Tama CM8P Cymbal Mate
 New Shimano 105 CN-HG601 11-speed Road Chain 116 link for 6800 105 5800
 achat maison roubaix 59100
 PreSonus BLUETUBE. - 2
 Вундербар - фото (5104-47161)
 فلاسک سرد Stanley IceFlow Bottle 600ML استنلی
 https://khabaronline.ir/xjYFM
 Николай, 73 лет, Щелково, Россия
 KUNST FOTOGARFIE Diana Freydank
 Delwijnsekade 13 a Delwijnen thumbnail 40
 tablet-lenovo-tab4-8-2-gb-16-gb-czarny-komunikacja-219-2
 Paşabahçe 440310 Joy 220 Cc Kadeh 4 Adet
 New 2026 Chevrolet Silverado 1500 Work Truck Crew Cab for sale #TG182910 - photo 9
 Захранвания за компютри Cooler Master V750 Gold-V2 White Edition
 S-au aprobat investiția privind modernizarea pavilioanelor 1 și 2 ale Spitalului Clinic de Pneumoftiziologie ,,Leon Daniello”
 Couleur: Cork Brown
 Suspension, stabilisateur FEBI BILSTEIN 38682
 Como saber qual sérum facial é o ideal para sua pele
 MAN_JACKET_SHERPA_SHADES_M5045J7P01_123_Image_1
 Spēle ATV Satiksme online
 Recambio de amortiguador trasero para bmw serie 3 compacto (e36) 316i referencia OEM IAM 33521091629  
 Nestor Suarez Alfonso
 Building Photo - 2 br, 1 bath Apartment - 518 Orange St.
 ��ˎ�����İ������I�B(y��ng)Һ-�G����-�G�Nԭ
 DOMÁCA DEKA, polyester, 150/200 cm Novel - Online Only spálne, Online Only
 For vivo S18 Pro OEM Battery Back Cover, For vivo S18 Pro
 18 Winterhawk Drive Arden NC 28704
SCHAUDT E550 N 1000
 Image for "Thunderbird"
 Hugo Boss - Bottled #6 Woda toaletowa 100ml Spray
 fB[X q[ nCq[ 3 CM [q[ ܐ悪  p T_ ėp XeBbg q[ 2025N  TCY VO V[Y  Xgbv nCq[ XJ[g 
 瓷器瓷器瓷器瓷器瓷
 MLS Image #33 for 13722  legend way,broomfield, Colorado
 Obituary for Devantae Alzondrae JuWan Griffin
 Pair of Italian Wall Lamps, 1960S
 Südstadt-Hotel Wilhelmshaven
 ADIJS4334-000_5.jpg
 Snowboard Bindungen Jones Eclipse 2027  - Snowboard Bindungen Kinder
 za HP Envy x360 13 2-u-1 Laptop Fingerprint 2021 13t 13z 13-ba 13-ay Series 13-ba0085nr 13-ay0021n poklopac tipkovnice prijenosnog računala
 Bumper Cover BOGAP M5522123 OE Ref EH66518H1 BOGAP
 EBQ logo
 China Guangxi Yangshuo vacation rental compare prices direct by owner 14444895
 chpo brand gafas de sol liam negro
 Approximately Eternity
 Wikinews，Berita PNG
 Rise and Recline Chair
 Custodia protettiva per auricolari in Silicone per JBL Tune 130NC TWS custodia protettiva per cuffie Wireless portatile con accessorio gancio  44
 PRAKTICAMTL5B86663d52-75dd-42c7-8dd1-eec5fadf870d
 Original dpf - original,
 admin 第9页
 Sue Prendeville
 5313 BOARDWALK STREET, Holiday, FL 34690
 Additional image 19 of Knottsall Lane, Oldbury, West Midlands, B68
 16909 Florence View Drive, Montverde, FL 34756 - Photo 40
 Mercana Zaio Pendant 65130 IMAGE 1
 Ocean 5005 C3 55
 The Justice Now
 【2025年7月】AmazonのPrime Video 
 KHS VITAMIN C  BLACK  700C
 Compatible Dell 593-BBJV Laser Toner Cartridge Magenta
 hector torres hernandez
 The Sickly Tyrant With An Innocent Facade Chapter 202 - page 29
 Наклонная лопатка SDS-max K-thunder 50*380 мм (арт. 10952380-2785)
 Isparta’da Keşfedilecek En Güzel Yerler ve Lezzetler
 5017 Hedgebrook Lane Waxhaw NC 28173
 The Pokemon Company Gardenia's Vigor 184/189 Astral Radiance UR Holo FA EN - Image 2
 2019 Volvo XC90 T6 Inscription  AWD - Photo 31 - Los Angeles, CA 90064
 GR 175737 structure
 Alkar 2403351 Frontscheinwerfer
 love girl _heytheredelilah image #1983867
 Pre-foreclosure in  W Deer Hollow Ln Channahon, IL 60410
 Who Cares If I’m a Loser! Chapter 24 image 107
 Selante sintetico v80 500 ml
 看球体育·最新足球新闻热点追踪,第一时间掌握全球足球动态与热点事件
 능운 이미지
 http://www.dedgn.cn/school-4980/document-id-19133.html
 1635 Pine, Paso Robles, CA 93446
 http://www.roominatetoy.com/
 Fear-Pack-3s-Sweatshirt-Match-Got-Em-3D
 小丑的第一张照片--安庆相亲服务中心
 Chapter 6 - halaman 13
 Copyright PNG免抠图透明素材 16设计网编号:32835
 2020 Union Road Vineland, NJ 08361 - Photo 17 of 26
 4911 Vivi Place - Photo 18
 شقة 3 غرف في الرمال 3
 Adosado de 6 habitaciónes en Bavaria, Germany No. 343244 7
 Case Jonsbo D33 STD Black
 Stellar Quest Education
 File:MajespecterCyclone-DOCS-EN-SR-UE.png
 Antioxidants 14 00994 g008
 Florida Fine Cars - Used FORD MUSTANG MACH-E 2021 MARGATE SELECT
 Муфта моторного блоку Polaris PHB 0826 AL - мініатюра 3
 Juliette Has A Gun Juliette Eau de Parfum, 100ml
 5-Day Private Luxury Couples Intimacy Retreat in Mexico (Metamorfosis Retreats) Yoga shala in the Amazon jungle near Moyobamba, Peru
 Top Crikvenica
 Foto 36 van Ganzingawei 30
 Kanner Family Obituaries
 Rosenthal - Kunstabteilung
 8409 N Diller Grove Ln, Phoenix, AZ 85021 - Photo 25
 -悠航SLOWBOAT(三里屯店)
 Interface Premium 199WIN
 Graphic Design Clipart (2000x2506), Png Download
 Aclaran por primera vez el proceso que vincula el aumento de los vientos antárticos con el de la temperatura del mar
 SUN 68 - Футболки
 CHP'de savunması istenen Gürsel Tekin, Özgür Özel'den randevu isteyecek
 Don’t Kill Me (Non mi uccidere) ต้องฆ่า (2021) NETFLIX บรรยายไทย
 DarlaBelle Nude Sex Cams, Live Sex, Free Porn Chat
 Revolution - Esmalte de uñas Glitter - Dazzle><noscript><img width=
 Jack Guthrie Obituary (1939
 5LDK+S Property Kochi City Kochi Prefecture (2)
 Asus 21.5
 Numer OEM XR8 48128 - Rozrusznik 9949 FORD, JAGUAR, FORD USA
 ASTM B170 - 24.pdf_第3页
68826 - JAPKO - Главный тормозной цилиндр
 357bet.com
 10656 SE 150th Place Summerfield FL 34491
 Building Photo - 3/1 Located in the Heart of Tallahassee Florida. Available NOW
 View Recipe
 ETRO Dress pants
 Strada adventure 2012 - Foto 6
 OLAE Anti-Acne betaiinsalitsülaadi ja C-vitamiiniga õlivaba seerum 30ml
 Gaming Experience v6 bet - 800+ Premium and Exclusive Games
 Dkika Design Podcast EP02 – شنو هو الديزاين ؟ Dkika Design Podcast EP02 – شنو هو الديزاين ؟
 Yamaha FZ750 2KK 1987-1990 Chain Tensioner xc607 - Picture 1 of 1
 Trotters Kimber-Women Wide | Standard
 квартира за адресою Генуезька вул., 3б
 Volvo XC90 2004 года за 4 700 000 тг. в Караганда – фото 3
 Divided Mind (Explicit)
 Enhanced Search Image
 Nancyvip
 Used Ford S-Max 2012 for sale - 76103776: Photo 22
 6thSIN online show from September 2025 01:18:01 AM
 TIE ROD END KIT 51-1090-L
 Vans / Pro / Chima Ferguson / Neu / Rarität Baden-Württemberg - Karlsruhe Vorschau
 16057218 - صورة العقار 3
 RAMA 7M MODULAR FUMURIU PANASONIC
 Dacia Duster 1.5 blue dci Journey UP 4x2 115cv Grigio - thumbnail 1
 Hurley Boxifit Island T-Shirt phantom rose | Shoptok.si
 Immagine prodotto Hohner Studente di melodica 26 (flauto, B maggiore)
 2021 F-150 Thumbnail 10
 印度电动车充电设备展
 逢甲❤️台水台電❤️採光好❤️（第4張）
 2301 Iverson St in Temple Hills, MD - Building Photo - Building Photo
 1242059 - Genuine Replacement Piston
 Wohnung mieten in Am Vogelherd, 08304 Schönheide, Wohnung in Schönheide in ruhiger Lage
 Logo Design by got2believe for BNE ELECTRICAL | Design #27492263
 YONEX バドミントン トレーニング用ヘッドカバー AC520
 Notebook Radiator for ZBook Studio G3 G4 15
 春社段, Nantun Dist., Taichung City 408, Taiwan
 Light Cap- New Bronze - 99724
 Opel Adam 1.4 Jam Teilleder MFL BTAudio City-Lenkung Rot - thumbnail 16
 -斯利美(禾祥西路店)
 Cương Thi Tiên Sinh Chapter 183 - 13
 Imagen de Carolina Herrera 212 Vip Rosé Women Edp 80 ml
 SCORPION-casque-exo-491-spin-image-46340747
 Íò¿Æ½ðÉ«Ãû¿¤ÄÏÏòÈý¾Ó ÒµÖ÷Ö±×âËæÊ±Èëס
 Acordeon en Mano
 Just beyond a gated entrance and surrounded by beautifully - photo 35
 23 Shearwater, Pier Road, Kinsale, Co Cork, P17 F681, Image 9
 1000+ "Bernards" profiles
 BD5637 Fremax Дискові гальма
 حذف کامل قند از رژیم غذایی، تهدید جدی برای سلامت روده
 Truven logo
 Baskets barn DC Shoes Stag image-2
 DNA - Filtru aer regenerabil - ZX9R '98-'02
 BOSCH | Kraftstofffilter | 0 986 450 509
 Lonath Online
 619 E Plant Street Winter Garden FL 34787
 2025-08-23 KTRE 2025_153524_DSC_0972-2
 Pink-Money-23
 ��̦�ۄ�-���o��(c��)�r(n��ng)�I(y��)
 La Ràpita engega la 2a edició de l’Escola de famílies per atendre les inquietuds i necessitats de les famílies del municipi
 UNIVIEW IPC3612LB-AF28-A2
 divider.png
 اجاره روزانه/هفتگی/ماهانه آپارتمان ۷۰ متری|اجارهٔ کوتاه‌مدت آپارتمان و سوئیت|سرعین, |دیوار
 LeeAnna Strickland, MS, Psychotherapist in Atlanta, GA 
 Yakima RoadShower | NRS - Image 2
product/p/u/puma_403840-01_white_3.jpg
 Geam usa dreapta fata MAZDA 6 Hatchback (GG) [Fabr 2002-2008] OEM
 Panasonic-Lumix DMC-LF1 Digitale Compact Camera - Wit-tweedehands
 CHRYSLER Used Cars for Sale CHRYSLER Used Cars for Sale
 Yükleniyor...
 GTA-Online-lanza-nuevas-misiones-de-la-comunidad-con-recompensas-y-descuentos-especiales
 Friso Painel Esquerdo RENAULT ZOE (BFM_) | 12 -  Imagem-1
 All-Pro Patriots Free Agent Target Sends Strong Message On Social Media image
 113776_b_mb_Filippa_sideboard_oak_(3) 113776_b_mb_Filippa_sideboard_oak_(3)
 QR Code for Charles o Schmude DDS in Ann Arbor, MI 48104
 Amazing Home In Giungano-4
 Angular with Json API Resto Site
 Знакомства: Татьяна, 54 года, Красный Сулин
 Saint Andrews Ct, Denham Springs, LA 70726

- - -

# [WORK ITEM]
From the records above, copy only the lines starting with the line that holds "Lonath Online" and going on through the line that holds "Geam usa dreapta", exactly as written.

# [WRITTEN SOLUTION]
 Lonath Online
 619 E Plant Street Winter Garden FL 34787
 2025-08-23 KTRE 2025_153524_DSC_0972-2
 Pink-Money-23
 ��̦�ۄ�-���o��(c��)�r(n��ng)�I(y��)
 La Ràpita engega la 2a edició de l’Escola de famílies per atendre les inquietuds i necessitats de les famílies del municipi
 UNIVIEW IPC3612LB-AF28-A2
 divider.png
 اجاره روزانه/هفتگی/ماهانه آپارتمان ۷۰ متری|اجارهٔ کوتاه‌مدت آپارتمان و سوئیت|سرعین, |دیوار
 LeeAnna Strickland, MS, Psychotherapist in Atlanta, GA 
 Yakima RoadShower | NRS - Image 2
product/p/u/puma_403840-01_white_3.jpg
 Geam usa dreapta fata MAZDA 6 Hatchback (GG) [Fabr 2002-2008] OEM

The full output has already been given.